JP3348212B2 - transceiver - Google Patents

Description

DETAILED DESCRIPTION OF THE INVENTION

[0001]

BACKGROUND OF THE INVENTION 1. Field of the Invention The present invention relates to a radio device, and more particularly to a radio device capable of performing accurate and high-speed tuning with a simple configuration.

[0002]

2. Description of the Related Art For example, in a radio receiver having a function of easily matching the frequency of a partner station with the frequency of the own station when receiving CW or unmodulated waves, the frequency of the own station is matched with the frequency of the partner station received. Therefore, the tuning function is necessary, and the user simultaneously listens to the frequency-dependent outgoing tone of the received signal from the partner station and the corresponding side tone sound generated by the own station, and adjusts the receiving frequency so that there is no difference between the two sounds. It was manually variable. Such a receiver requires considerable skill in judging the difference between two sounds, and it is difficult to make sure that they match.

Therefore, a configuration as shown in FIG. 5, which detects a peak of a received signal and sweeps the received frequency so that the peak is maximized, is used as a wireless device that automatically matches its own frequency to the received signal frequency. Proposed. In FIG. 5, a reception signal to which a frequency signal from a frequency synthesizer 4 is input and received and subjected to predetermined reception processing is output as a sound from a speaker 5 and received by a level detection circuit 6. The signal level (intensity) is detected and supplied to the MPU (microcomputer) 2. MPU
2 adjusts the output frequency of the frequency synthesizer 4 based on the level detected by the level detection circuit 6. That is, the MPU 2 adds and subtracts the output frequency of the frequency synthesizer 4 by a predetermined frequency step α,
The data of the frequency synthesizer 4 is changed while performing frequency addition until the maximum peak is detected. The frequency step α at this time can be set arbitrarily.

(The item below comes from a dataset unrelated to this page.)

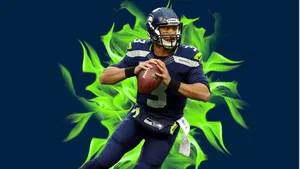 Russell Wilson In Front Of Green Flames Wallpaper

As shown in FIG. 6, a reception signal from a reception circuit 3 of a receiver is decomposed into respective frequency components using an FFT circuit 7 that performs frequency processing such as an FFT analyzer, and the MPU 2 There is also a receiver that controls a receiving circuit such as the frequency synthesizer 4 such that a receiving frequency indicating a maximum peak from a received signal decomposed into each frequency component is centered.

[0005]

However, as described above, a radio device that changes the frequency manually requires not only the skill of the user but also the difficulty of high-precision adjustment.

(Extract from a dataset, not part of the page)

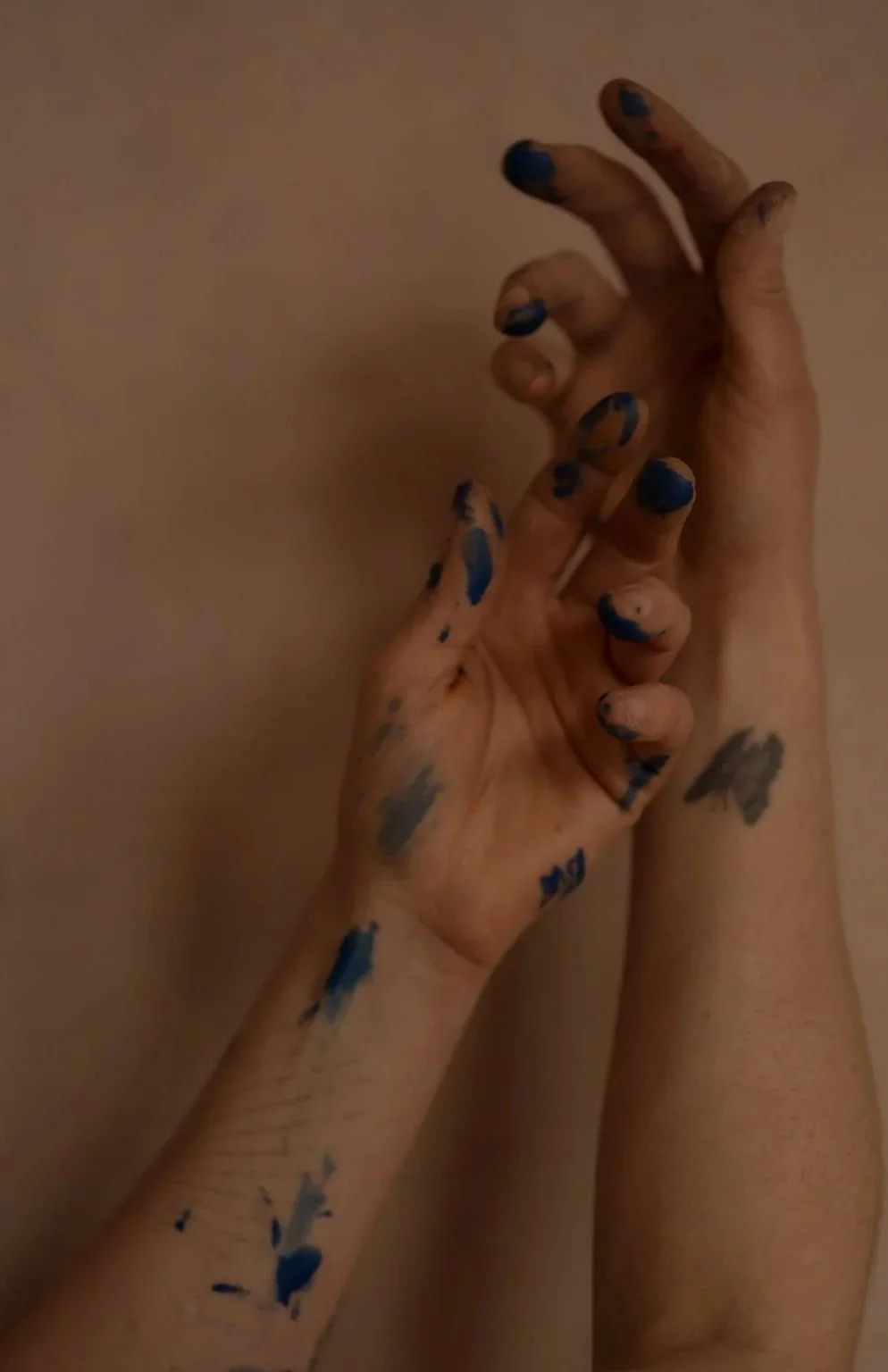 Two hands, one with blue and black paint, touching the other hand against a plaster background.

[0006] Further, in the configuration shown in FIG. 5 in which the reception frequency is swept to the target frequency by sweeping the reception frequency, it takes time to sweep the reception frequency. In particular, the frequency step α
If is set finely, accurate peak detection can be performed, but not only the time required for the detection becomes long, but also a sweep reception circuit is required. In addition, if the configuration is such that there is only one receiving circuit and there is no dedicated receiving circuit for sweeping, it becomes impossible to receive while the receiving frequency is being swept.

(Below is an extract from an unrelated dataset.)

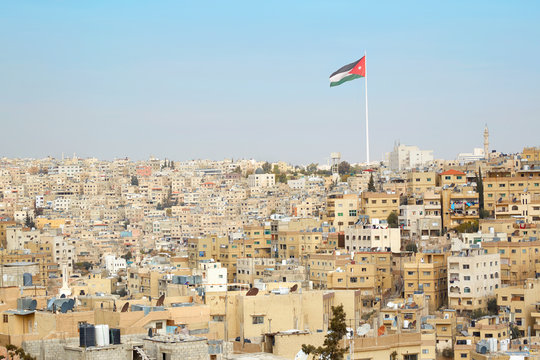 Amman city view with big Jordan flag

Further, in the radio equipment using the FFT circuit as shown in FIG. 6, the FFT circuit 7 is required to have a sufficient memory capacity and DSP speed for performing the FFT processing calculation. Since the amount of memory and the speed of the DSP are proportional to the cost, it is expensive to perform processing that satisfies the performance.

SUMMARY OF THE INVENTION It is an object of the present invention to provide a radio device capable of performing high-speed and high-precision tuning with a relatively simple configuration.

[0009]

In order to solve the above-mentioned problems, a radio device according to the present invention includes a receiving circuit for receiving an input signal based on an output frequency from a frequency synthesizer and outputting the received signal as a received signal; and adaptive filter coefficients having the function of adaptive operation for a frequency having the maximum amplitude in the variable to the received signal, said adaptive filter
The tracking range is set in advance around a preset frequency.
A limiter for restricting the adaptively controlled frequency range to generate the adaptively controlled frequency information based on the coefficient of the adaptive filter, and when the generated frequency information is in a frequency range around a predetermined frequency. And a control circuit for controlling the frequency synthesizer so that a difference between the generated frequency information and a preset frequency becomes zero.

[0010] A wireless device according to another aspect of the present invention includes:
A receiving circuit that receives and processes an input signal based on an output frequency from a frequency synthesizer and outputs the received signal as a received signal, a filter that receives the received signal as an input, and attenuates a signal other than a predetermined frequency, and a coefficient of which is variable. an adaptive filter having the function of adaptive operation outputs the frequency having the maximum amplitude in the output signal of the filter Te, the
The tracking range of the adaptive filter is centered around a preset frequency.
Set a limiter to limit to a preset range.
A control circuit for generating the adaptively controlled frequency information based on the coefficients of the adaptive filter and controlling the frequency synthesizer such that a difference between the generated frequency information and a preset frequency becomes zero. And is provided.

[0011] A wireless device according to still another aspect of the present invention includes a receiving circuit for receiving an input signal based on an output frequency from a frequency synthesizer and outputting the received signal as a received signal;
As input the received signal, and filters the signal other than the predetermined frequency to attenuate, an adaptive filter whose coefficients have variable is the ability to adapt operating output for frequencies having the maximum amplitude in the received signal, the adaptive Filter
The tracking range is set in advance around a preset frequency.
Providing a limiter for limiting to the range, generating the adaptively controlled frequency information based on the coefficients of the adaptive filter, when the generated frequency information is in a frequency range around a predetermined frequency, A control circuit for controlling the frequency synthesizer so that a difference between the generated frequency information and a preset frequency becomes zero.

[0012]

Next, an embodiment of the present invention will be described with reference to the drawings. FIG. 1 is a configuration diagram of a wireless device according to the present invention.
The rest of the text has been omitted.